- [TASK GOAL] After finding the line with "Yellow Alloy OG604Z" in the entries below, retype exactly each line from there through the line with "Aukcja sprzedaży 2015", including that final line.

[Scraped caption text data]
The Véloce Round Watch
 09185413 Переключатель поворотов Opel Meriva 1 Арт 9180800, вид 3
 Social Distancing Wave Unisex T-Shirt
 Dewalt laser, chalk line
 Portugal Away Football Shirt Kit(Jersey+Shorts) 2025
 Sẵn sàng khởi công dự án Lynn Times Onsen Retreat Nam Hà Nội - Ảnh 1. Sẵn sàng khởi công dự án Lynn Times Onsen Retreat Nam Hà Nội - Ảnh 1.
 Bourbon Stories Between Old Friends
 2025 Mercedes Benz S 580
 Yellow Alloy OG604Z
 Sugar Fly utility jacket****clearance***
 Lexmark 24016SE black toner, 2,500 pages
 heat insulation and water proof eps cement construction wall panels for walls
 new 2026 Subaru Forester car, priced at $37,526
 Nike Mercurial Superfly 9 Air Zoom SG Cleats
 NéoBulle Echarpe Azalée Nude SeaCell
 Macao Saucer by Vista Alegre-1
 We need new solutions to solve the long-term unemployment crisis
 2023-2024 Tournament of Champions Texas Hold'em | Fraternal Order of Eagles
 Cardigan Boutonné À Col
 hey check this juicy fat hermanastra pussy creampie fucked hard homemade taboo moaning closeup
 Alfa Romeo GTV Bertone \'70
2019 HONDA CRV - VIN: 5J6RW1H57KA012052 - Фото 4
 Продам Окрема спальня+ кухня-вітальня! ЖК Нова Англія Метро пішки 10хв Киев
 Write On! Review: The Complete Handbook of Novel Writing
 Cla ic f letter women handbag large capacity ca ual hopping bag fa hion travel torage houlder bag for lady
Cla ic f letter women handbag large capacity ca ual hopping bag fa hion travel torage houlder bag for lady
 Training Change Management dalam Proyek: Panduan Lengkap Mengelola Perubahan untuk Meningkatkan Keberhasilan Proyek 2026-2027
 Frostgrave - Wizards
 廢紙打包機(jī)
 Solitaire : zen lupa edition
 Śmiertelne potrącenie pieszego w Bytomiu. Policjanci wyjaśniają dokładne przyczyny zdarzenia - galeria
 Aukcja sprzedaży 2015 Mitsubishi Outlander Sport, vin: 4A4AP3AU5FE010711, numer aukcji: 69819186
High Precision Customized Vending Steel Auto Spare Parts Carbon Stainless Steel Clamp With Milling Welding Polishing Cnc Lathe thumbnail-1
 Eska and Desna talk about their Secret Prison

- [FINISHED EXERCISE]
 Yellow Alloy OG604Z
 Sugar Fly utility jacket****clearance***
 Lexmark 24016SE black toner, 2,500 pages
 heat insulation and water proof eps cement construction wall panels for walls
 new 2026 Subaru Forester car, priced at $37,526
 Nike Mercurial Superfly 9 Air Zoom SG Cleats
 NéoBulle Echarpe Azalée Nude SeaCell
 Macao Saucer by Vista Alegre-1
 We need new solutions to solve the long-term unemployment crisis
 2023-2024 Tournament of Champions Texas Hold'em | Fraternal Order of Eagles
 Cardigan Boutonné À Col
 hey check this juicy fat hermanastra pussy creampie fucked hard homemade taboo moaning closeup
 Alfa Romeo GTV Bertone \'70
2019 HONDA CRV - VIN: 5J6RW1H57KA012052 - Фото 4
 Продам Окрема спальня+ кухня-вітальня! ЖК Нова Англія Метро пішки 10хв Киев
 Write On! Review: The Complete Handbook of Novel Writing
 Cla ic f letter women handbag large capacity ca ual hopping bag fa hion travel torage houlder bag for lady
Cla ic f letter women handbag large capacity ca ual hopping bag fa hion travel torage houlder bag for lady
 Training Change Management dalam Proyek: Panduan Lengkap Mengelola Perubahan untuk Meningkatkan Keberhasilan Proyek 2026-2027
 Frostgrave - Wizards
 廢紙打包機(jī)
 Solitaire : zen lupa edition
 Śmiertelne potrącenie pieszego w Bytomiu. Policjanci wyjaśniają dokładne przyczyny zdarzenia - galeria
 Aukcja sprzedaży 2015 Mitsubishi Outlander Sport, vin: 4A4AP3AU5FE010711, numer aukcji: 69819186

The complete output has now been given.